Allein die Brüder Mark und Jay Duplass schafften es, auch international größere Anerkennung zu erlangen, wenn auch nur deshalb, weil sie schon bei ihrem dritten Film, der wundervollen Liebesgeschichte Cyrus, mit prominenten, gut verständlichen Schauspielern und einer vermarktbaren Story arbeiteten. Ihr neuer Film, Jeff, der noch zu Hause lebt, kann mit Jason Segel in der Hauptrolle einen veritablen Publikumsliebling vorweisen. Aber dafür ist die Geschichte diesmal deutlich spröder. Im Mittelpunkt steht Jeff, ein Kiffer und Rumhänger, der mit 30 Jahren noch zu Hause bei seiner Mutter (Susan Sarandon) lebt. Der größte Teil des Films erzählt davon, wie Jeff und sein älterer Bruder Pat durch ihre Heimatstadt Baton Rouge hetzen, um Pats vermeintlich untreue Ehefrau zu beschatten.

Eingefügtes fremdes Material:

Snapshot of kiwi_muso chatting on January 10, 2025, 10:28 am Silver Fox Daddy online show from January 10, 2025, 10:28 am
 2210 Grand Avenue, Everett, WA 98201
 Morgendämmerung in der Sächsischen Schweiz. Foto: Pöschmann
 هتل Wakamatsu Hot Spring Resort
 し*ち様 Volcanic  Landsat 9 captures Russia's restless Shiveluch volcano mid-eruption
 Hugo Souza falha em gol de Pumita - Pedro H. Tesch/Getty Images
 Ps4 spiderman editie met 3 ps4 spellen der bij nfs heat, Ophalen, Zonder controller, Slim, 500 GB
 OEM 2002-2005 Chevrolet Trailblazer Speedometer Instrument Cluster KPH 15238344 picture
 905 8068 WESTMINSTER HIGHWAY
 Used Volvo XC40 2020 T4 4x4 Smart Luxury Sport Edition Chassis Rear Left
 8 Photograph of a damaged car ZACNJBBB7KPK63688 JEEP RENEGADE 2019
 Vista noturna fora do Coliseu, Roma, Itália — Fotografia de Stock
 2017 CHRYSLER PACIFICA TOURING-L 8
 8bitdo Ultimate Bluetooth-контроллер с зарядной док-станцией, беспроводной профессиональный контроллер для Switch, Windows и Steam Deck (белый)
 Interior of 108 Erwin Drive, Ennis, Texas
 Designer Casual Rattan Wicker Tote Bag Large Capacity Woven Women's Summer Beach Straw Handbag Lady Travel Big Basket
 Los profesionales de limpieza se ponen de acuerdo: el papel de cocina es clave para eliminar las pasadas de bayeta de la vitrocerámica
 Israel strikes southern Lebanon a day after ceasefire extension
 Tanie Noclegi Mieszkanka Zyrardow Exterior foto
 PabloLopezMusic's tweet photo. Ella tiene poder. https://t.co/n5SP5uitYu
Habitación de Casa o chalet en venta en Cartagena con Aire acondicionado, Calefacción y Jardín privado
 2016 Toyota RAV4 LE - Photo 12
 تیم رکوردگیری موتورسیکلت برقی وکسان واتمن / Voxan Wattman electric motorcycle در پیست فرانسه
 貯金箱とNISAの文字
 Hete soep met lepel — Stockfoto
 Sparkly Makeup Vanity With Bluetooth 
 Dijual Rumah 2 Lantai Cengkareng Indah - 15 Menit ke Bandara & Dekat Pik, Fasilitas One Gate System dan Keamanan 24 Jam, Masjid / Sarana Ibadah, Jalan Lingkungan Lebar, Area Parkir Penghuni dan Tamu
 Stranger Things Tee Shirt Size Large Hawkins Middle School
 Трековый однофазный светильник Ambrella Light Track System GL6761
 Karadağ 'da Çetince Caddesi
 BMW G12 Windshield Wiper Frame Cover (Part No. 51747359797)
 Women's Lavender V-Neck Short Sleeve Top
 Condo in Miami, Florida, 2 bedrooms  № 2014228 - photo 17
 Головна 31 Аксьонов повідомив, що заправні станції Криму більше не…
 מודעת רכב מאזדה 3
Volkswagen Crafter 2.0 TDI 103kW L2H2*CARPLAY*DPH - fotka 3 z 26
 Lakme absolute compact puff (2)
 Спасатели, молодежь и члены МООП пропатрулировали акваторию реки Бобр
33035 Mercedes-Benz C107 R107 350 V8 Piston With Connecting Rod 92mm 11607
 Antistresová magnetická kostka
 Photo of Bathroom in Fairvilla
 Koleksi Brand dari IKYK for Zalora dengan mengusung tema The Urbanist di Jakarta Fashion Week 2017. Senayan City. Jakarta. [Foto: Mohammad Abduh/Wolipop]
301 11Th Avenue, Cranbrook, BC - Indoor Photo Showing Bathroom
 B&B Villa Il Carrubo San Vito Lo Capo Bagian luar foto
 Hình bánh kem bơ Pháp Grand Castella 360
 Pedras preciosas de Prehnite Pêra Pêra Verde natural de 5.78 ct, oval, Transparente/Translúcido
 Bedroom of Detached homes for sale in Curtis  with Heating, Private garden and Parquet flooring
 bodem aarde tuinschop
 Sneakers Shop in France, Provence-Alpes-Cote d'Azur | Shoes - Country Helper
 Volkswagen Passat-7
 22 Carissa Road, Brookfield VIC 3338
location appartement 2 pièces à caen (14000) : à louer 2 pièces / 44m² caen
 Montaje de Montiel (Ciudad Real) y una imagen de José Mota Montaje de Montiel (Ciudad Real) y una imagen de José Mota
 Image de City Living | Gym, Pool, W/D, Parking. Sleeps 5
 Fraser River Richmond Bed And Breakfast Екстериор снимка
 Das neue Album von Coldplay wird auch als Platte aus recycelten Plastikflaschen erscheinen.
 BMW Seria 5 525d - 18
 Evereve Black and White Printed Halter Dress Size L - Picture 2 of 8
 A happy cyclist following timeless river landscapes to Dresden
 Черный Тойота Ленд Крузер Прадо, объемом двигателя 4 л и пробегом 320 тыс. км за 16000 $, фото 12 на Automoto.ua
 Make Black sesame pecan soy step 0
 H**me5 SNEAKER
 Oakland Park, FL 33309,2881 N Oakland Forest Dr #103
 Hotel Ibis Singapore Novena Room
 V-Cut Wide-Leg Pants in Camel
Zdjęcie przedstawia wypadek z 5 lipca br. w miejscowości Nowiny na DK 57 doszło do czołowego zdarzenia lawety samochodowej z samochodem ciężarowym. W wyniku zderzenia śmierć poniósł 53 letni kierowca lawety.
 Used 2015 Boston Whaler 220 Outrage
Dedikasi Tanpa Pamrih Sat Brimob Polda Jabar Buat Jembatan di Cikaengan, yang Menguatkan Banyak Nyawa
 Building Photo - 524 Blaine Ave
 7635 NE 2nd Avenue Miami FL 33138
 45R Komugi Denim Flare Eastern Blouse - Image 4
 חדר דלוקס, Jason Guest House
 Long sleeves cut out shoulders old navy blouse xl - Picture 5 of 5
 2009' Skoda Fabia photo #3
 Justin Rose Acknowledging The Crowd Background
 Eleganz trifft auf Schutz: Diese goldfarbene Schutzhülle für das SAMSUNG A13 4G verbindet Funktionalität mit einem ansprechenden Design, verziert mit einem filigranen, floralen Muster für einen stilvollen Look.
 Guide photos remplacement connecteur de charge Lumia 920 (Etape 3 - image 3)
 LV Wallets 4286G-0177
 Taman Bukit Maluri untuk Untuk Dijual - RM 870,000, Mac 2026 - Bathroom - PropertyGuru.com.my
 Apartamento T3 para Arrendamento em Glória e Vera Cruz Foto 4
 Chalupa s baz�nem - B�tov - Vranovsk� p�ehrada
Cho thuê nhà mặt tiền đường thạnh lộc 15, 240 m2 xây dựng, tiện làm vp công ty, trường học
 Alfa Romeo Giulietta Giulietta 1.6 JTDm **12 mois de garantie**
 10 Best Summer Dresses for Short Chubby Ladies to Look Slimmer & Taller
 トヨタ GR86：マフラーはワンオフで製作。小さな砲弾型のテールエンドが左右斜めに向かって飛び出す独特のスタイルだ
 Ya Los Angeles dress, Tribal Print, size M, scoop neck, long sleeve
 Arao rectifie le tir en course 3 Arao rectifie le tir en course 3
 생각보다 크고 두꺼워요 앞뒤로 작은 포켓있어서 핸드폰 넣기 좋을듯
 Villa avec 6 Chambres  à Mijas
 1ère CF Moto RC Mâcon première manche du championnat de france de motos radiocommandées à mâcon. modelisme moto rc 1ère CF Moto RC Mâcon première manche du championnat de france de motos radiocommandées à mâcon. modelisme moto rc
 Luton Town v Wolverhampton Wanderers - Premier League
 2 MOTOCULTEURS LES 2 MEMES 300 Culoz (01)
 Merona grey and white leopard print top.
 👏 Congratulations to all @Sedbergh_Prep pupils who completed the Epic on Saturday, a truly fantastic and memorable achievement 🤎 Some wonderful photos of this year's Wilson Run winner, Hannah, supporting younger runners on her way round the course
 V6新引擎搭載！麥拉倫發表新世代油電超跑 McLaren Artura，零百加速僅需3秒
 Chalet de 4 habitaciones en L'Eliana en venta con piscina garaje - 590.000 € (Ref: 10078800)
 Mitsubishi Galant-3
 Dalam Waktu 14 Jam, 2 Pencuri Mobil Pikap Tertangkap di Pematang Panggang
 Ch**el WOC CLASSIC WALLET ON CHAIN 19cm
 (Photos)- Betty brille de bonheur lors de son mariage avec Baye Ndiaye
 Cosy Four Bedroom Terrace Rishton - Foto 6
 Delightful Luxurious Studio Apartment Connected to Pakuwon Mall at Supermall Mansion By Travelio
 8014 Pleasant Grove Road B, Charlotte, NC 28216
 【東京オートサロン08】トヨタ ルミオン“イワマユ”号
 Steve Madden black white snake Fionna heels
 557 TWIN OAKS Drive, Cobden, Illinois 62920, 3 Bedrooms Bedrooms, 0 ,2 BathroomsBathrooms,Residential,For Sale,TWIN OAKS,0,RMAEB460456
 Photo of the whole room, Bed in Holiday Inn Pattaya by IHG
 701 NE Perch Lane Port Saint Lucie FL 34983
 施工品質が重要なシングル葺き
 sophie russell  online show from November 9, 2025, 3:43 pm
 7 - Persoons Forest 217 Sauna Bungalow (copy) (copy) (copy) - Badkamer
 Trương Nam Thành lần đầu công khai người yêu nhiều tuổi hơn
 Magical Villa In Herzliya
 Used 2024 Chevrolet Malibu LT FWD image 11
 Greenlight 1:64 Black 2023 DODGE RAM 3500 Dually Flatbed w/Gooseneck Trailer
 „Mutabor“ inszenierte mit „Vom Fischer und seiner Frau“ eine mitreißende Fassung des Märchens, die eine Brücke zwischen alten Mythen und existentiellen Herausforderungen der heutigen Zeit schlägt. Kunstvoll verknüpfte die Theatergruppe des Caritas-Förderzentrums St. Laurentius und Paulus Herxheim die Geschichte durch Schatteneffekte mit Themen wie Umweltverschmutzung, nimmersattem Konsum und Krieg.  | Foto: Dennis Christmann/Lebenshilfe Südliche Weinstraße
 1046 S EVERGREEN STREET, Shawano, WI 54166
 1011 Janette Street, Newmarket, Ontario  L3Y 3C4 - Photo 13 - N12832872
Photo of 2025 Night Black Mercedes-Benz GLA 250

Diese Miniatur eines Roadtrips dient freilich nur als Aufhänger für eine dezent tragikomische Beobachtung ganz gewöhnlicher Menschen. Inszeniert ist das genauso unspektakulär, wie es klingt. Es gibt weder große Lacher noch besondere Schauwerte, in bestem Mumblecore-Stil kokettieren die Duplass- Brüder geradezu mit einer ausdrucksarmen Ästhetik. Das wiederum passt zum bestenfalls durchschnittlichen Leben der Figuren, die einem zunächst nicht einmal sonderlich sympathisch sind.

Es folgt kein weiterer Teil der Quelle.